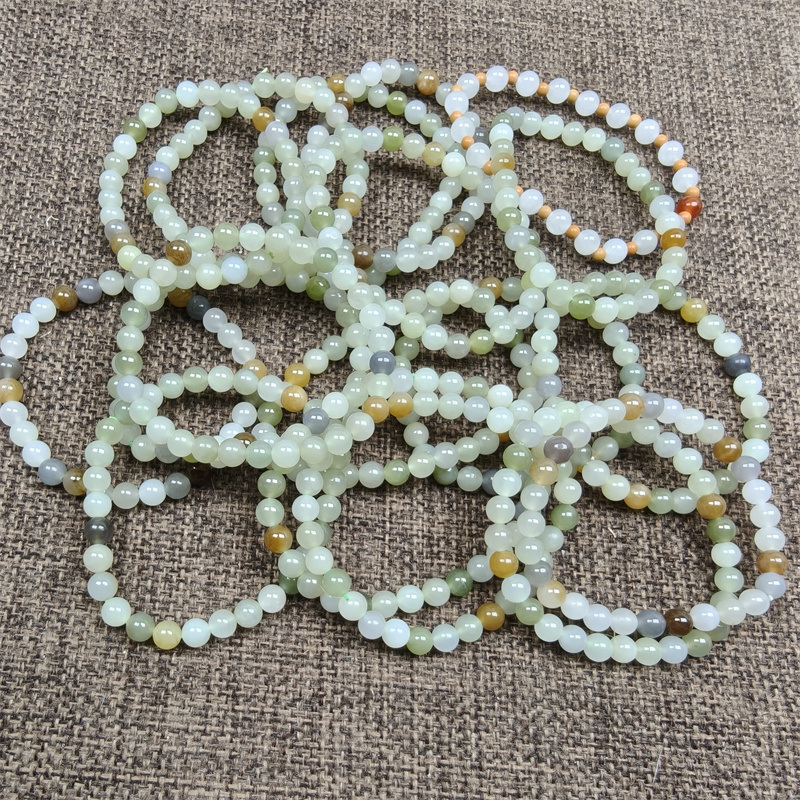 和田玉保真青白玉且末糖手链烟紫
--
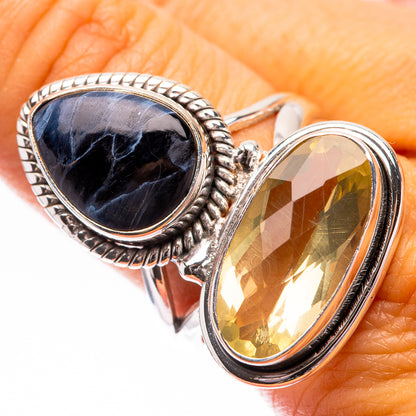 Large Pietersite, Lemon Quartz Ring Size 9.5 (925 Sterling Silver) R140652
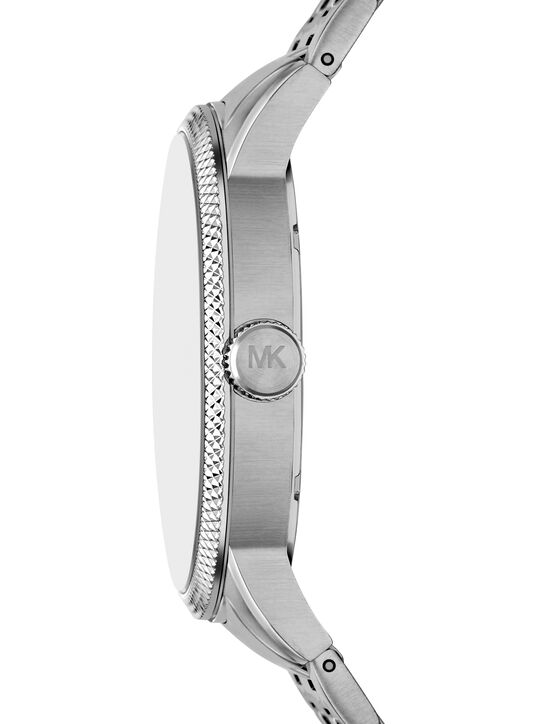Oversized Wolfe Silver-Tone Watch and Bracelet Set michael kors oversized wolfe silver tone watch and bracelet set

* _Task_:
Leaving out the pictures, please output the lines in the entries above from the one with "Large Pietersite, Lemon" through the one with "Oversized Wolfe Silver-Tone", exactly as they are.

* _Written solution_:
 Large Pietersite, Lemon Quartz Ring Size 9.5 (925 Sterling Silver) R140652
Oversized Wolfe Silver-Tone Watch and Bracelet Set michael kors oversized wolfe silver tone watch and bracelet set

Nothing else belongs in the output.